I had intended that Quitman should only manœuvre and threaten the Belén or southwestern gate, in order to favor the main attack . . . Those views I repeatedly, in the course of the day, communicated to Major General Quitman; but being in hot pursuit - gallant himself, and ably supported by Brigadier Generals Shields and Smith-Shields badly wounded before Chapultepec and refusing to retire as well as by all the officers and men of the column-Quitman continued to press forward, under flank and direct fires; - carried an intermediate battery of two guns, and then the gate, before two o'clock in the afternoon, but not without proportionate loss, increased by his steady maintenance of that position. .
Quitman, within the city-adding several new defences to the position he had won, and sheltering his corps as well as practicable — now awaited the return of daylight under the guns of the formidable citadel, yet to be subdued.
At about 4 o'clock next morning, (September 14,) a deputation of the ayuntamiento (city council) waited upon me to report that the federal government and the army of Mexico had fled from the capital some three hours before, and to demand terms of capitulation in favor of the church, the citizens, and the municipal authorities.
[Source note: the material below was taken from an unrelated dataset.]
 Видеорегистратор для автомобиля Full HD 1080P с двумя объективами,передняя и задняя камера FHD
I promptly replied, that I would sign no capitulation; that the city had been virtually in our possession from the time of the lodgments effected by Worth and Quitman the day before; that I regretted the silent escape of the Mexican army; that I should levy upon the city a moderate contribution, for special purposes; and that the American army should come under no terms, not self-imposed such only as its own honor, the dignity of the United States, and the spirit of the age should, in my opinion, imperiously demand and impose. . .
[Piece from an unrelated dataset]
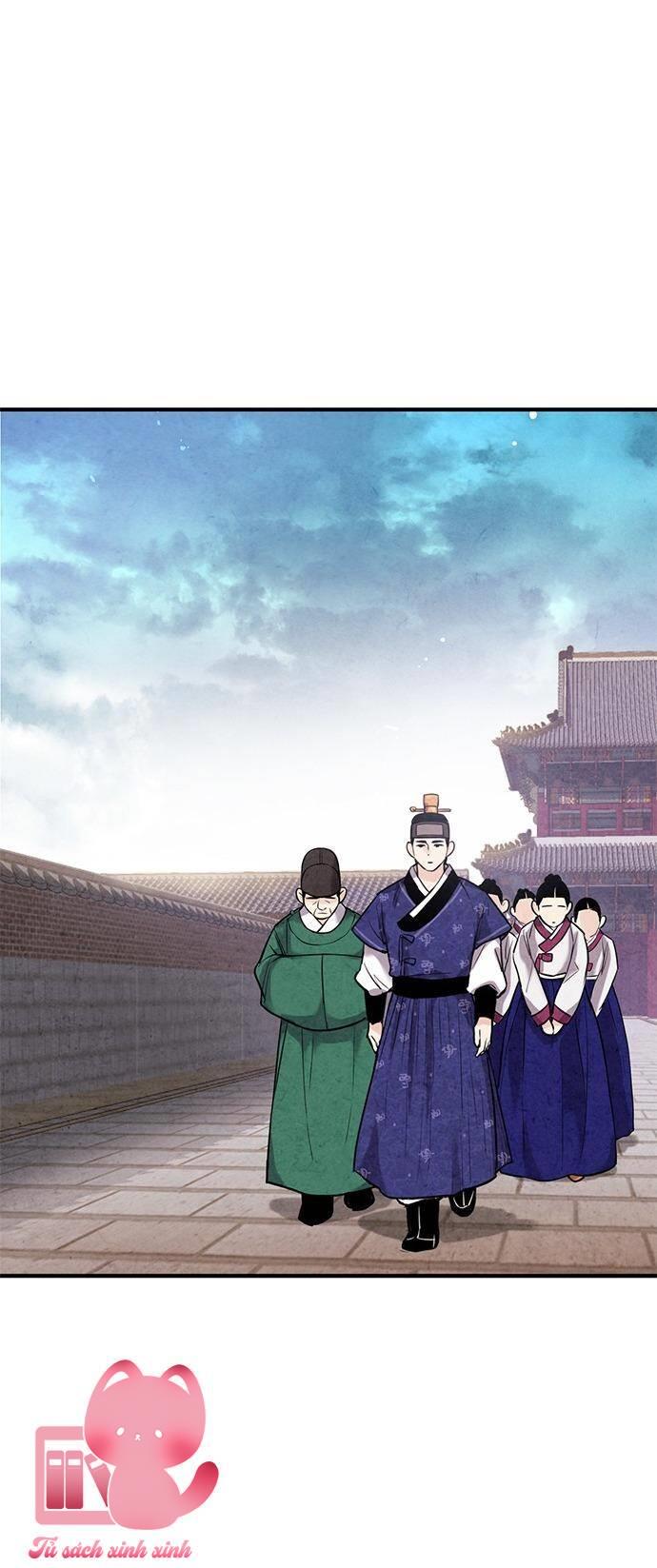 Lệnh Cấm Hôn - Chap 36 - Trang 60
At the termination of the interview with the city deputation, I communicated, about daylight, orders to Worth and Quitman to advance slowly and cautiously (to guard against treachery) towards the heart of the city, and to occupy its stronger and more commanding points. Quitman proceeded to the great plaza or square, planted guards, and hoisted the colors of the United States on the national palacecontaining the halls of Congress and executive apartments of federal Mexico. . . .
House Executive Documents, 30 Cong., I sess. (Washington, 1848), II, No. 8, PP. 375-383 passim.